Assignment: The answer is to be the lines below that lie between the line holding "My Girlfriend Is Her Dad Chapter 5 trang 24" and the line holding "2025 GMC Sierra", inclusive, transcribed exactly and free of pictures.
─── Provided information ───
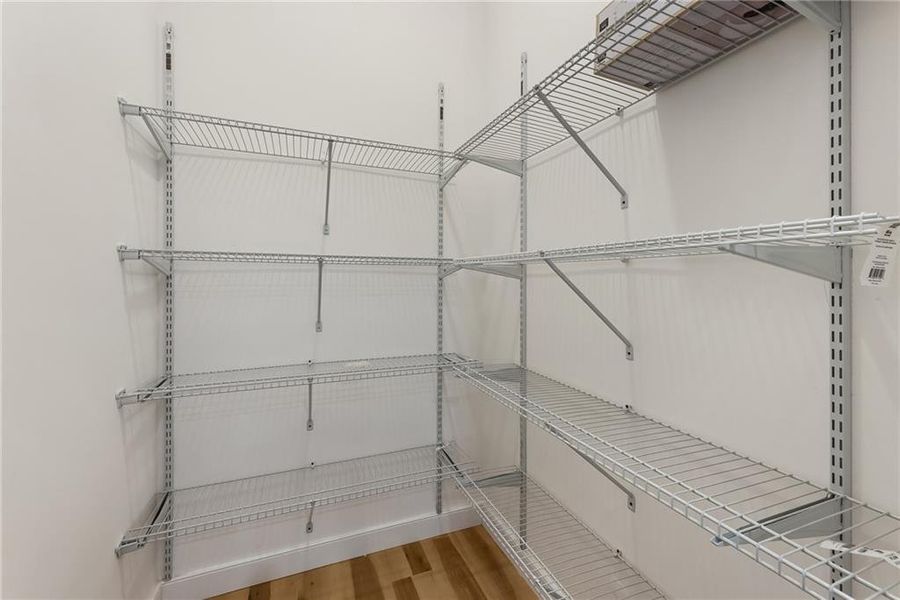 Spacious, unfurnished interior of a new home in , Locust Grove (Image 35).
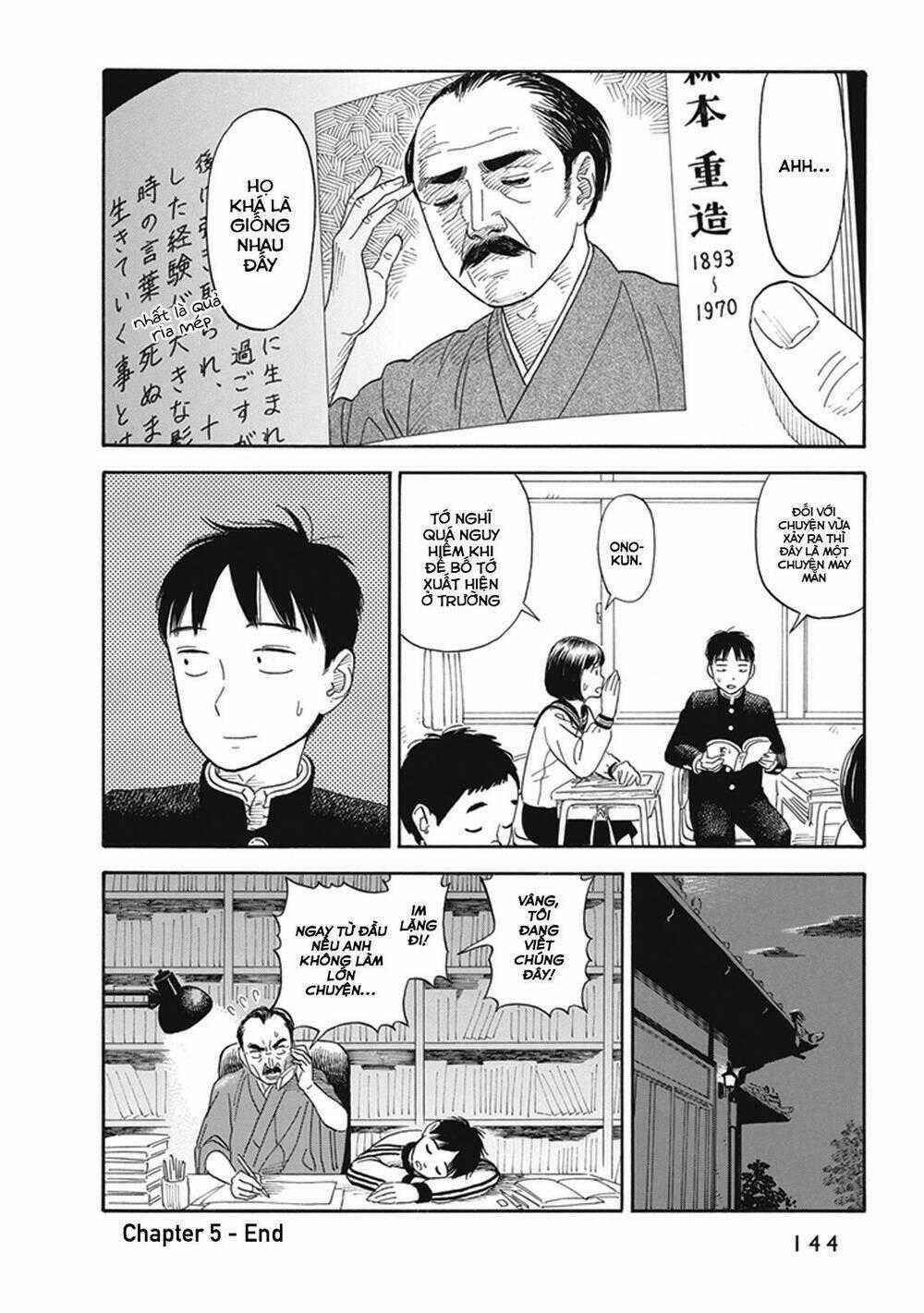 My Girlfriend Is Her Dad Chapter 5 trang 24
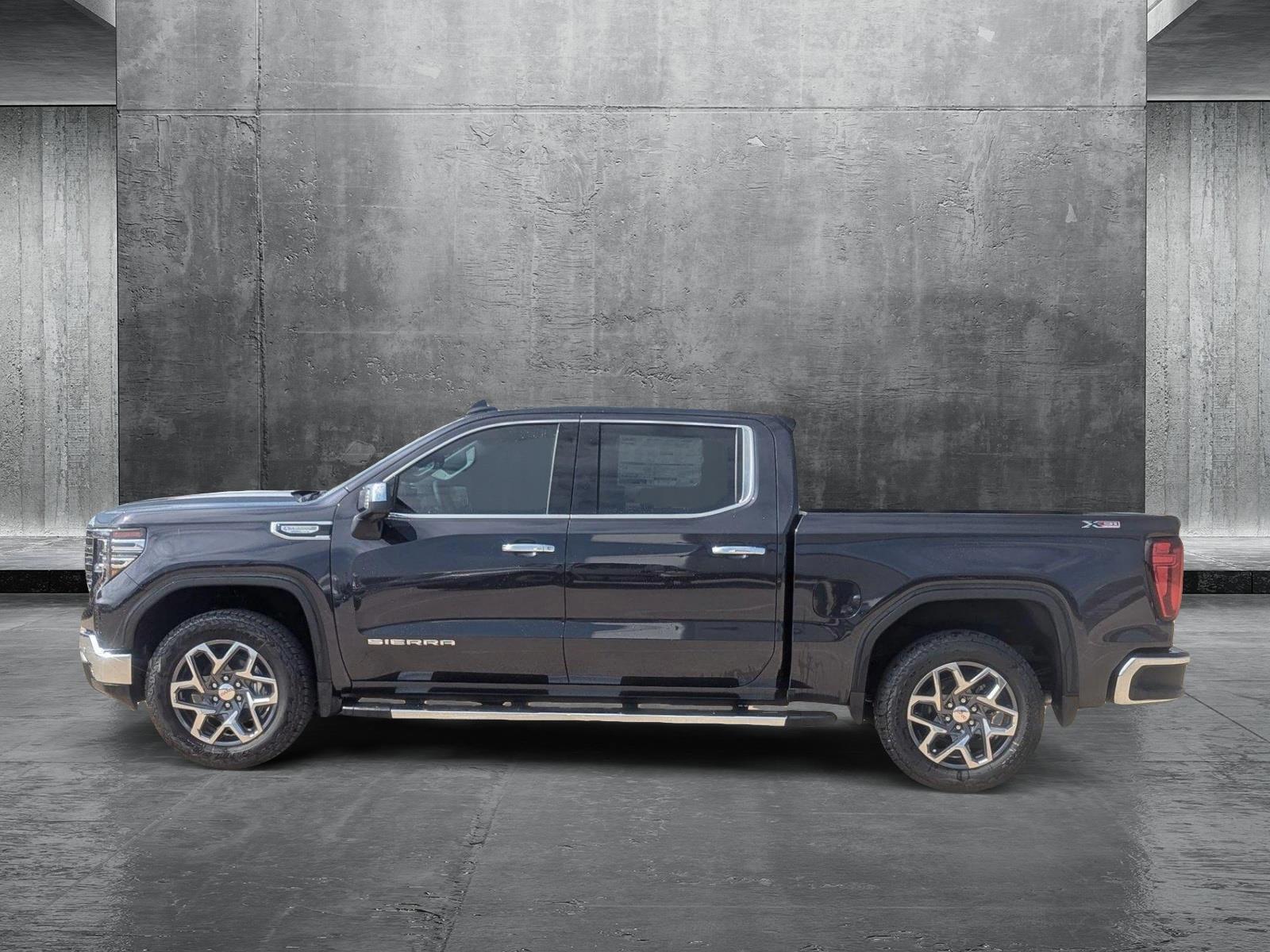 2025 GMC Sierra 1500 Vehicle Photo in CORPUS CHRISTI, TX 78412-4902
───
─── Provided information ───
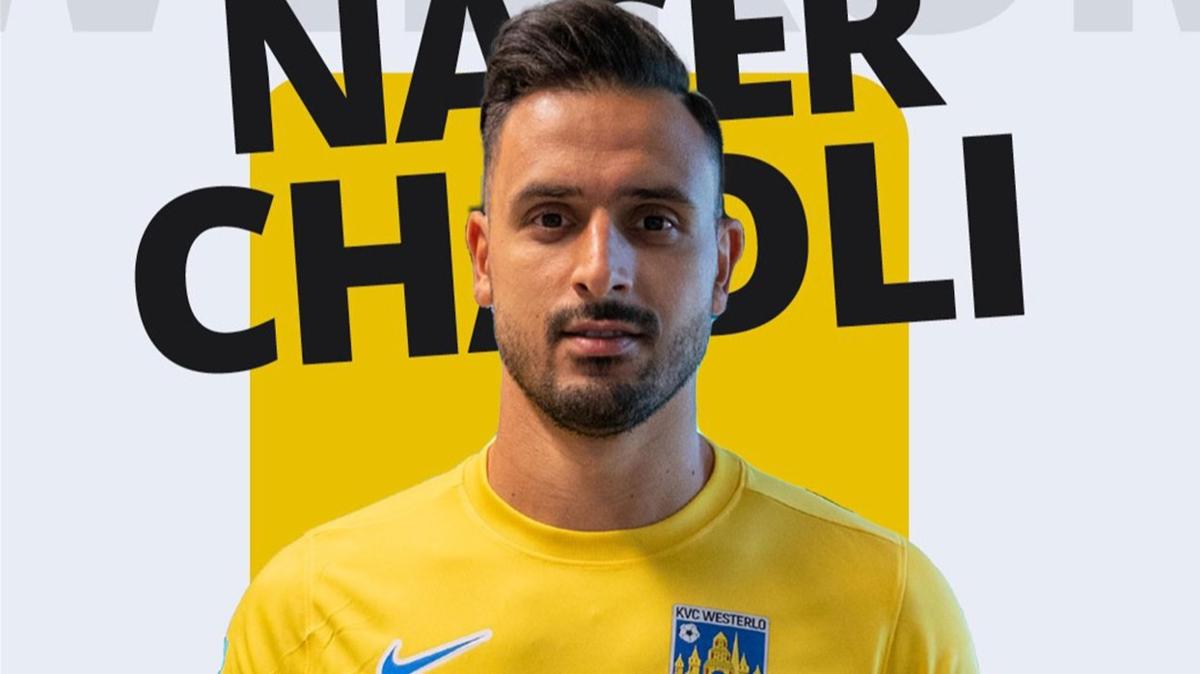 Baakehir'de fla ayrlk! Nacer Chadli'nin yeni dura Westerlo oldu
───
Result for this task:
 My Girlfriend Is Her Dad Chapter 5 trang 24
 2025 GMC Sierra 1500 Vehicle Photo in CORPUS CHRISTI, TX 78412-4902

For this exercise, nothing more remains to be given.